Abstract
This study has developed an efficient preprocessing strategy for ion mobility spectrometry (IMS) data allowing for improved peak clarity and comparability of different measurements. Using the discrete wavelet transform for data compression and denoising, and fitting a lognormal function to the strong tailing of the reactant ion peak (RIP), enables a data reduction to 25% or less, a significant increase of the signal-to-noise ratio, and the successful elimination of the RIP tailing. The preprocessing of breath measurements obtained by coupling an IMS to a gaschromatographic column, has resulted in the desired outcome of smooth peaks lying on a common base level.
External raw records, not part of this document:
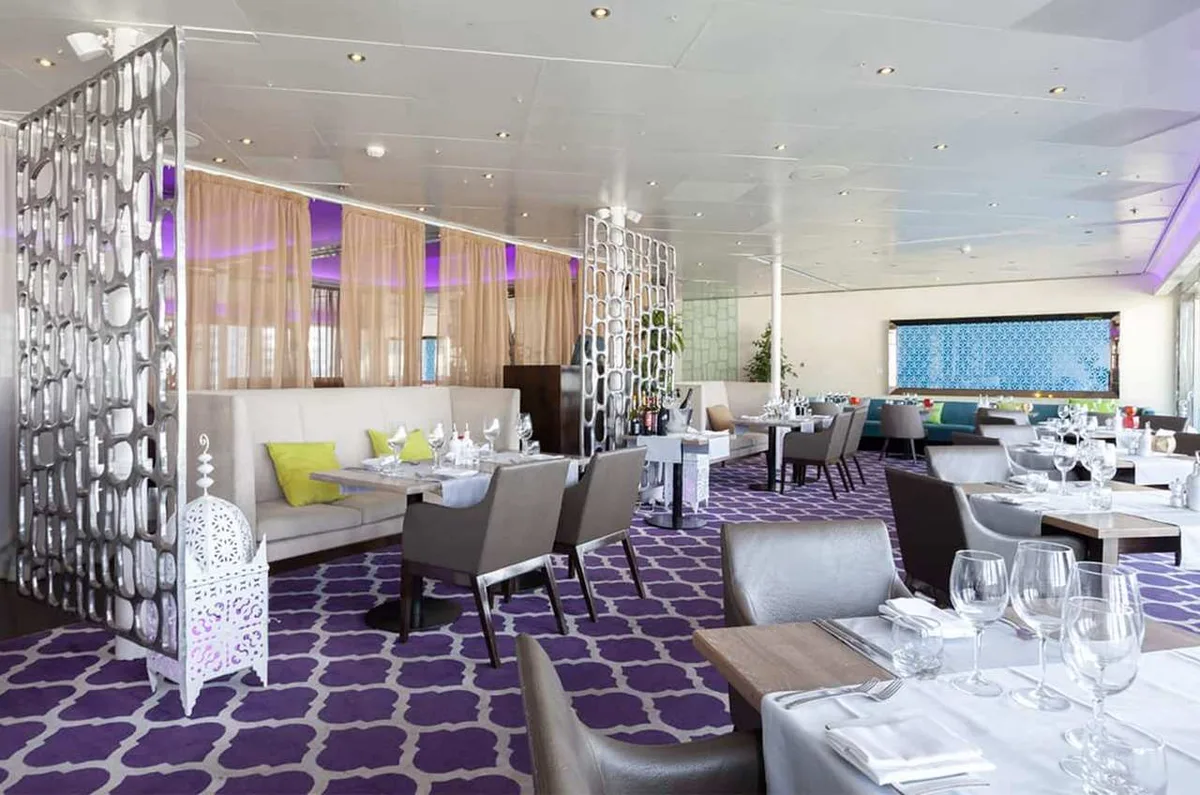 Khách sạn Nổi 5 Sao Sunborn: Trải Nghiệm Đẳng Cấp Tại Gibraltar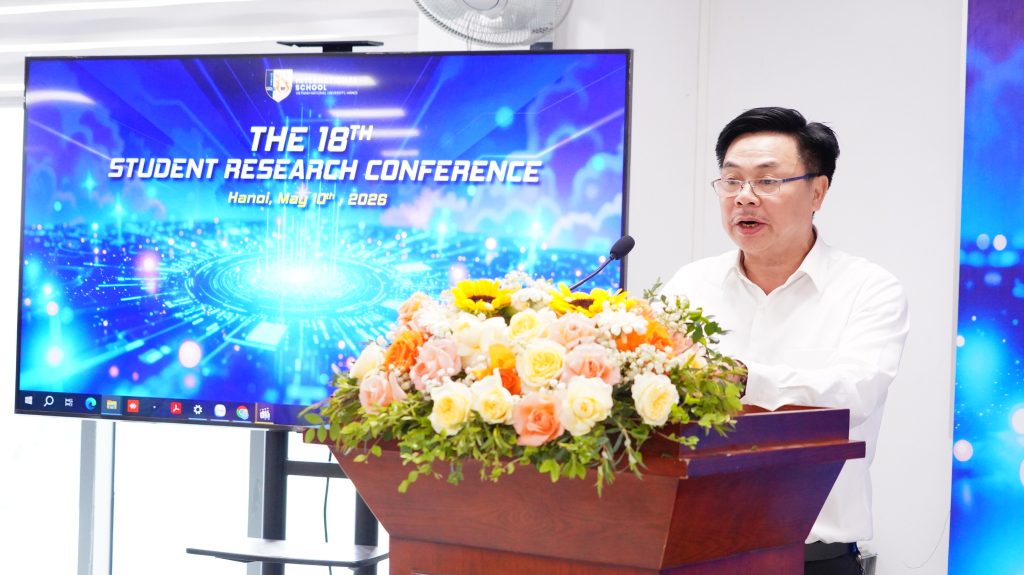 Phó Hiệu trưởng phát biểu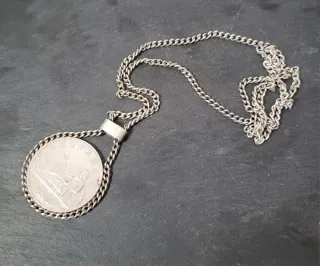 Collar con Moneda de plata 5 Pesetas 1870
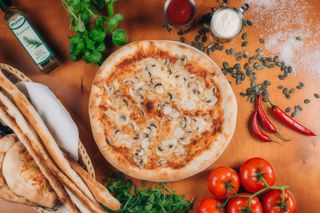 04. Pizza Funghi (Rozmiar Pizzy: Średnia 30)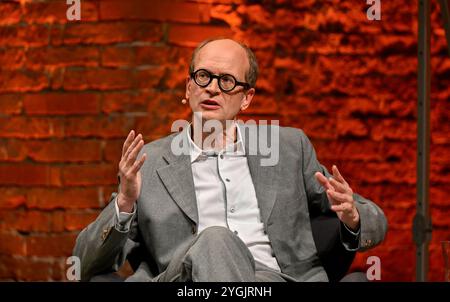 München, Deutschland. November 2024. Jurymitglied Andreas Platthaus sitzt auf der Bühne der Allerheiligen-Hofkirche der Residenz während der Verleihung des Bayerischen Buchpreises. Quelle: Uwe Lein/dpa/Alamy Live News Stockfoto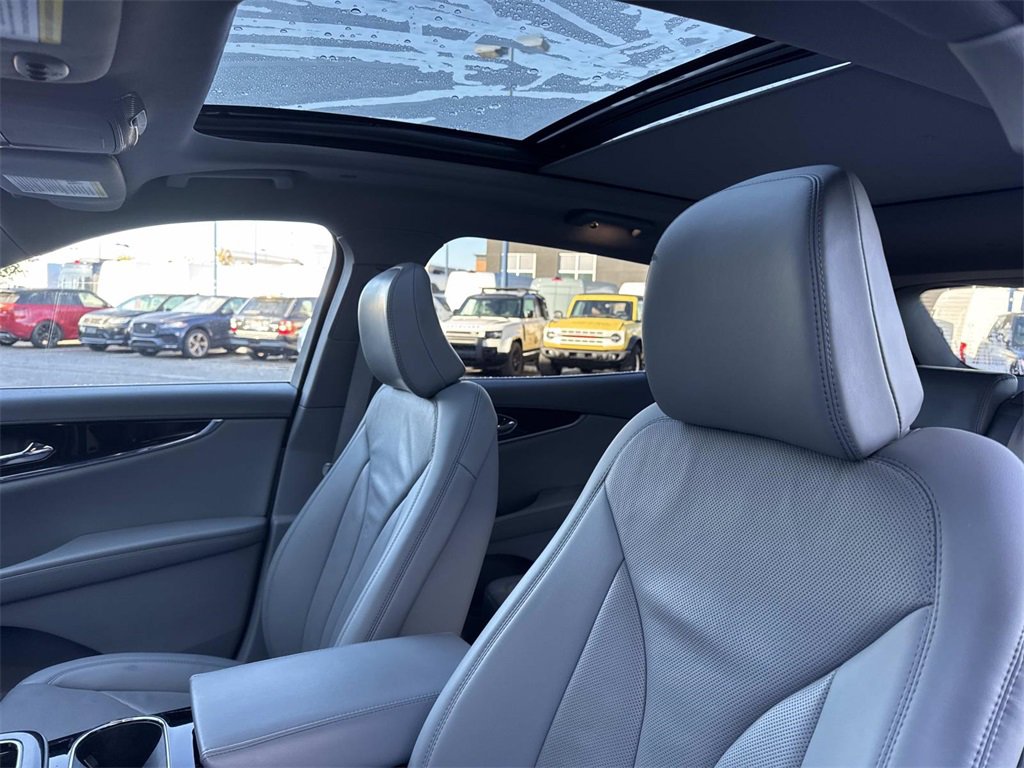 Used 2022 Lincoln Nautilus Reserve w/ Equipment Group 201A image 19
These results are transferable to other applications of one- and two-dimensional separations with IMS or instrumentations generating a similar data structure.
Similar content being viewed by others
Explore related subjects
Discover the latest articles, news and stories from top researchers in related subjects.Avoid common mistakes on your manuscript.
Introduction
Ion mobility spectrometry (IMS) is a rapid, highly sensitive analytical method for the characterisation of gaseous samples with low detection limits [1, 2]. Characteristic peaks in the signal intensity of the resulting spectra data indicate specific analytes, however, these can be masked by high levels of noise. Additionally, the fast response is often counteracted by complex, time-consuming data analysis due to high dimensionality and redundancy of the data. This can especially be observed in two-dimensional separations e.g. IMS coupled to a gaschromatographic column (GC) [3]. Furthermore, the high variability in signal intensity and position of the peaks make data reduction to a predefined set of data points impossible [4].
Strong tailing after the high reactant ion peak (RIP) causes variable increases of peak height in different spectral areas. The amount of tailing can also vary between different measurements, thus complicating quantification and comparability of peak intensity within and between the measurements. In addition, the effect of the RIP tailing can disrupt peak detection and visualisation due to difficulties in distinguishing between noise and peaks by a single threshold. A strategy allowing reduction, simplification, and clarification of the IMS data is therefore required.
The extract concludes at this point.